CREATE INDEX ON t_test_partitioned USING ivfflat (vec vector_cosine_ops) WITH (lists = 100);
explain analyze select * from t_test_partitioned where vec_date between '2022-01-01' and '2024-01-01' order by vec <=> '[1,2,3]' limit 5;
                                                                                         QUERY PLAN
---------------------------------------------------------------------------------------------------------------------------------------------------------------------------------------------
 Limit  (cost=4.13..12.20 rows=2 width=44) (actual time=0.040..0.042 rows=1 loops=1)
   ->  Merge Append  (cost=4.13..12.20 rows=2 width=44) (actual time=0.039..0.040 rows=1 loops=1)
         Sort Key: ((t_test_partitioned.vec <=> '[1,2,3]'::vector))
         ->  Index Scan using t_test_partitioned_p2022_vec_idx on t_test_partitioned_p2022 t_test_partitioned_1  (cost=0.04..4.06 rows=1 width=44) (actual time=0.022..0.023 rows=0 loops=1)

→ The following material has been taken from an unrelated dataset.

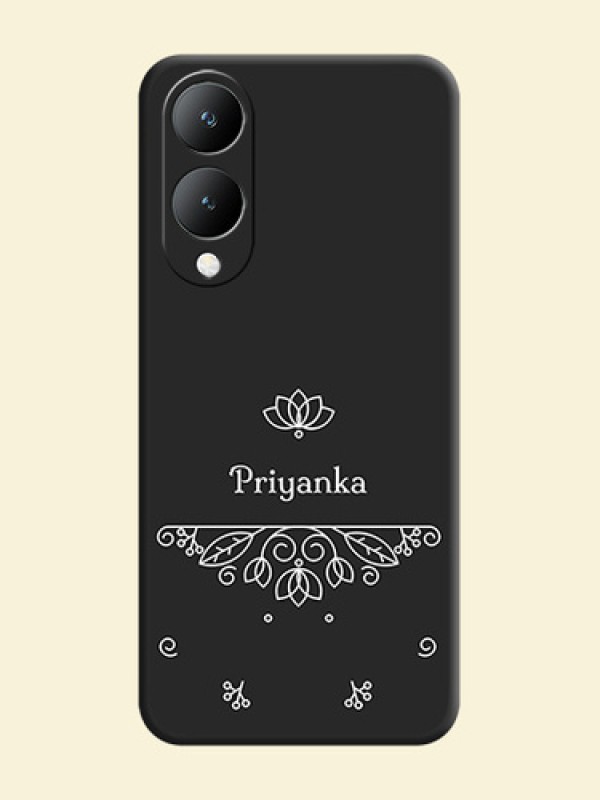 Lotus Garden Custom Text On Space Black Custom Soft Matte Mobile Back Cover - Vivo Y17S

               Order By: (vec <=> '[1,2,3]'::vector)
               Filter: ((vec_date >= '2022-01-01'::date) AND (vec_date <= '2024-01-01'::date))
         ->  Index Scan using t_test_partitioned_p2023_vec_idx on t_test_partitioned_p2023 t_test_partitioned_2  (cost=4.08..8.11 rows=1 width=44) (actual time=0.015..0.016 rows=1 loops=1)
               Order By: (vec <=> '[1,2,3]'::vector)
               Filter: ((vec_date >= '2022-01-01'::date) AND (vec_date <= '2024-01-01'::date))
 Planning Time: 0.167 ms
 Execution Time: 0.139 ms
(11 rows)

Conclusion

Congratulations, you just learned the tradeoffs, limitations and best practices to achieve the best performance with pgvector.